While attention this lavish might make some readers skeptical, get ready to be won over: “The Night Circus’’ largely lives up to the accolades. Startlingly inventive, haunting, and definitely strange, it’s part love story, part fable, and a knockout debut - with a back story nearly as surprising.
Morgenstern grew up in Marshfield and studied theater and studio art at Smith College. After graduating in 2000, she went to work as an office temp and moved to Salem and later Boston, where she now lives. A talented artist, she sold her paintings after quitting temp work and also created the Phantomwise Tarot deck, which has the same black and white color scheme of her novel, and incorporates Egyptian mythology, Victoriana, and of course - circus motifs.

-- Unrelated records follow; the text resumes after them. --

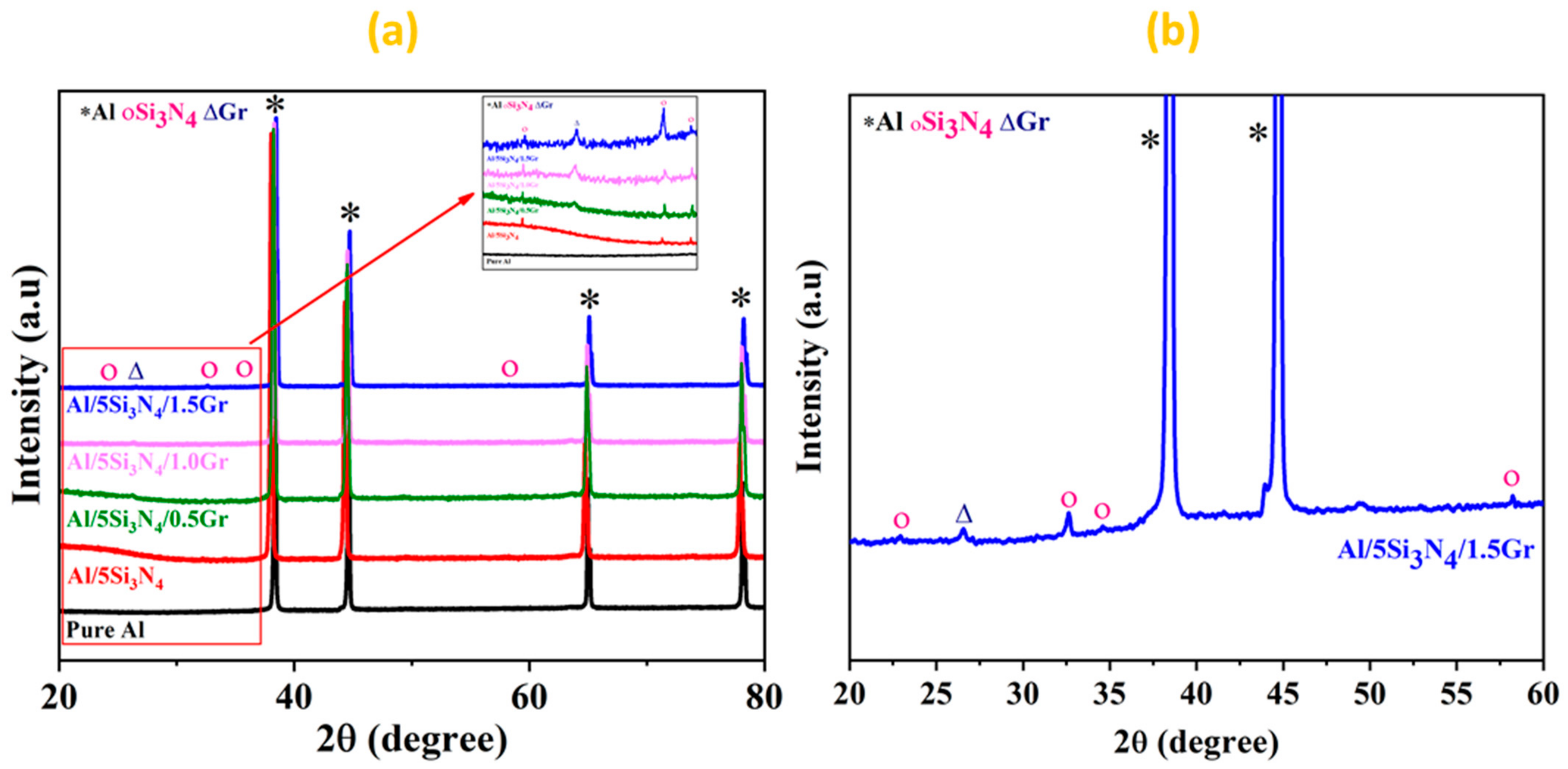 Materials 14 01898 g003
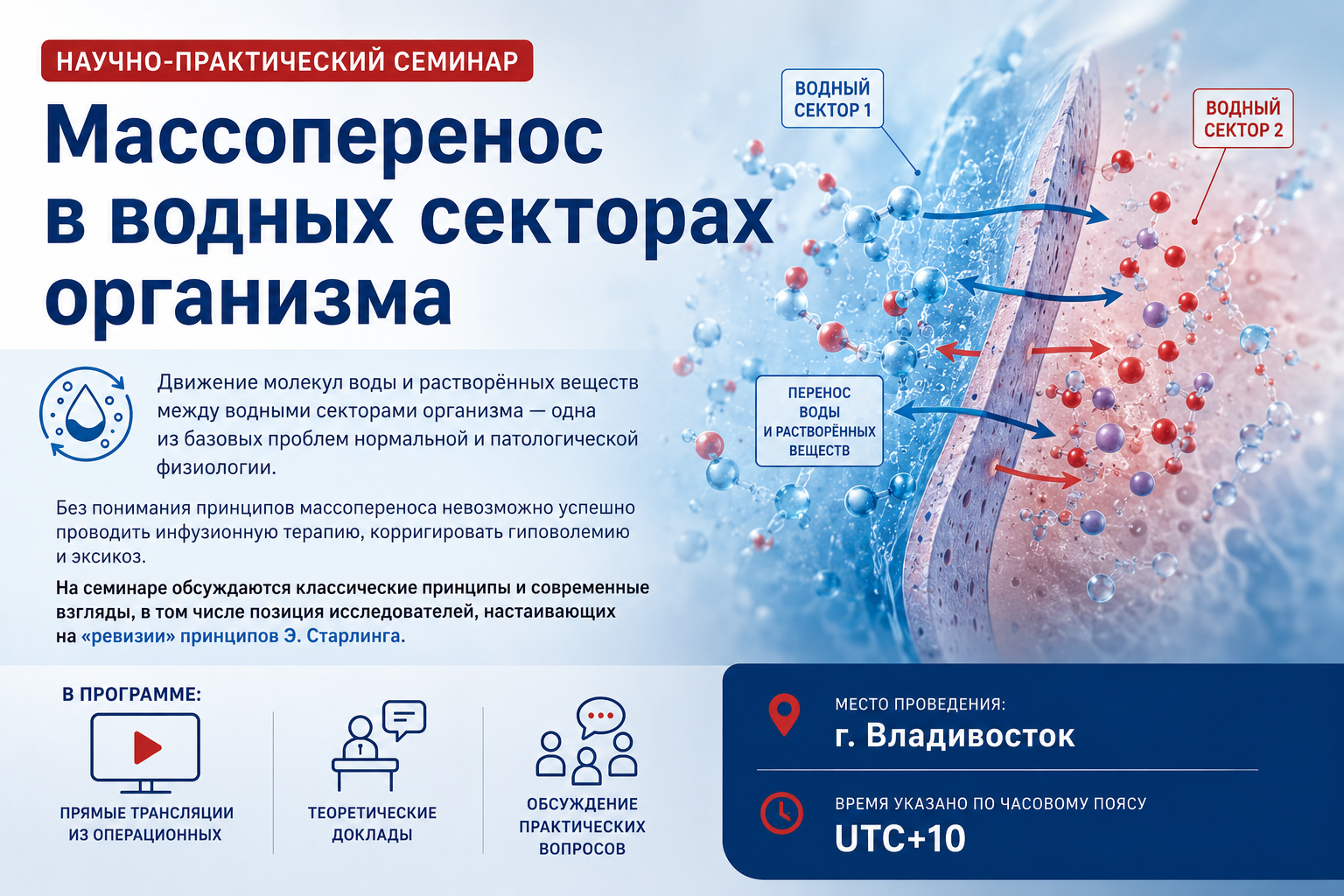 Основы теории массопереноса и для чего это нужно в интенсивной терапии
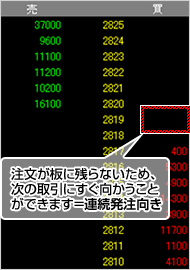 残注文1,700株は板に表示されず自動的に失効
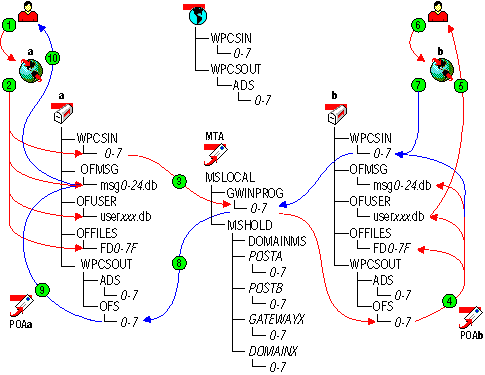 Message flow when the mapped or UNC link is open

About six years ago, Morgenstern, who had never published fiction, decided to try her hand at it during National Novel Writing Month in November. She struggled with her manuscript off and on over the next several years, producing a work that was mostly vignettes not yet anchored to a plot. It was rejected by more than two dozen agents. Eventually a few agents offered her some encouragement, suggesting major revision. Morgenstern rewrote, found an agent, and her book sold in a week.
The reason why is apparent. Morgenstern doesn’t mess around, snatching you by the lapels with her first sentence: “The circus arrives without warning.’’ And this is no ordinary circus. Materializing at will, this turn-of-the-20th-century spectacle comes only at night and closes at dawn. When you enter, every sense is assaulted and transformed by the sights before you. A contortionist folds herself into a tiny glass box and vanishes in a puff of smoke. You can wander in a maze made up of puffy clouds. The food, right down to the chocolate mice with licorice tails, is its own kind of intoxicating wizardry.
But Le Cirque des Reves is here for a purpose. It becomes the setting for a desperate and deadly challenge, drummed up by two fierce rivals, Hector Bowen, known as Prospero the Enchanter, and another magician named Alexander.